──────── DATA SECTION

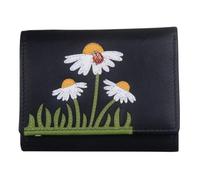 Mala Leather Peony Ladybird & Daisy Portefeuille à trois volets en cuir véritable pour femme avec RFID - Applique florale, emplacements pour cartes, fenêtre pour carte d'identité et poche zippée pour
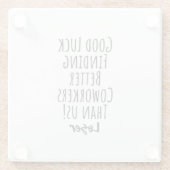 medewerker, collega, afscheid, veel succes T-Shirt Glazen Onderzetter (Achterkant)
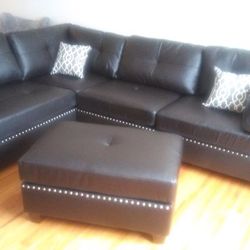 New espresso Bonded leather sofa sectional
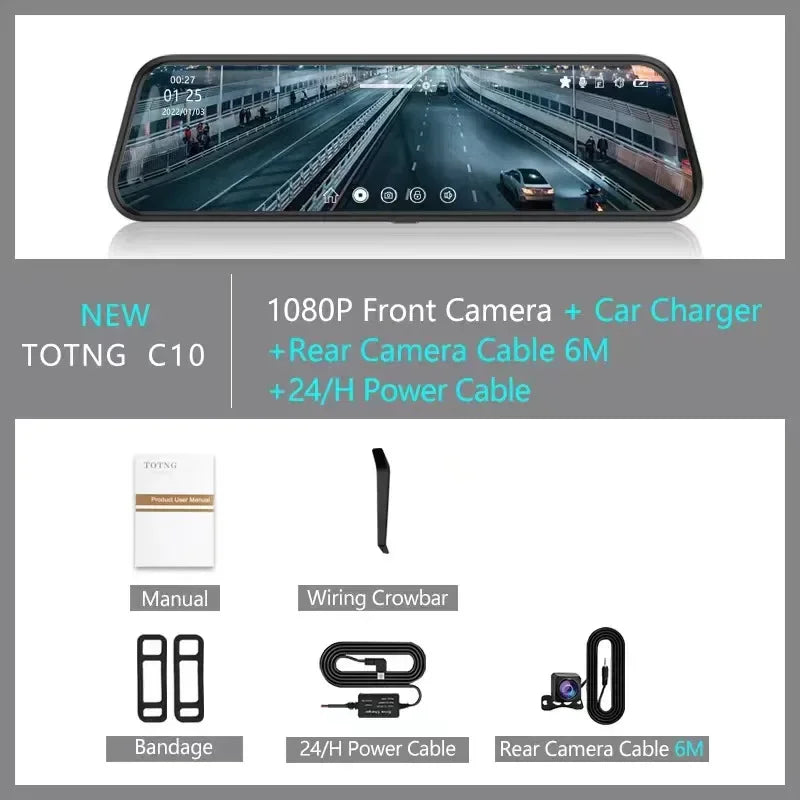 10-Inch Car Touch Screen Rearview Mirror Camera, featuring Front and Rear DVR Dash Cam, Video Recorder BlackBox for Enhanced Driving Safety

────────────────

• **TASK INSTRUCTIONS**:
With the pictures left out, copy exactly the lines from the one containing "medewerker, collega, afscheid, veel" through the last line of the data.

• **WRITTEN ANSWER**:
 medewerker, collega, afscheid, veel succes T-Shirt Glazen Onderzetter (Achterkant)
 New espresso Bonded leather sofa sectional
 10-Inch Car Touch Screen Rearview Mirror Camera, featuring Front and Rear DVR Dash Cam, Video Recorder BlackBox for Enhanced Driving Safety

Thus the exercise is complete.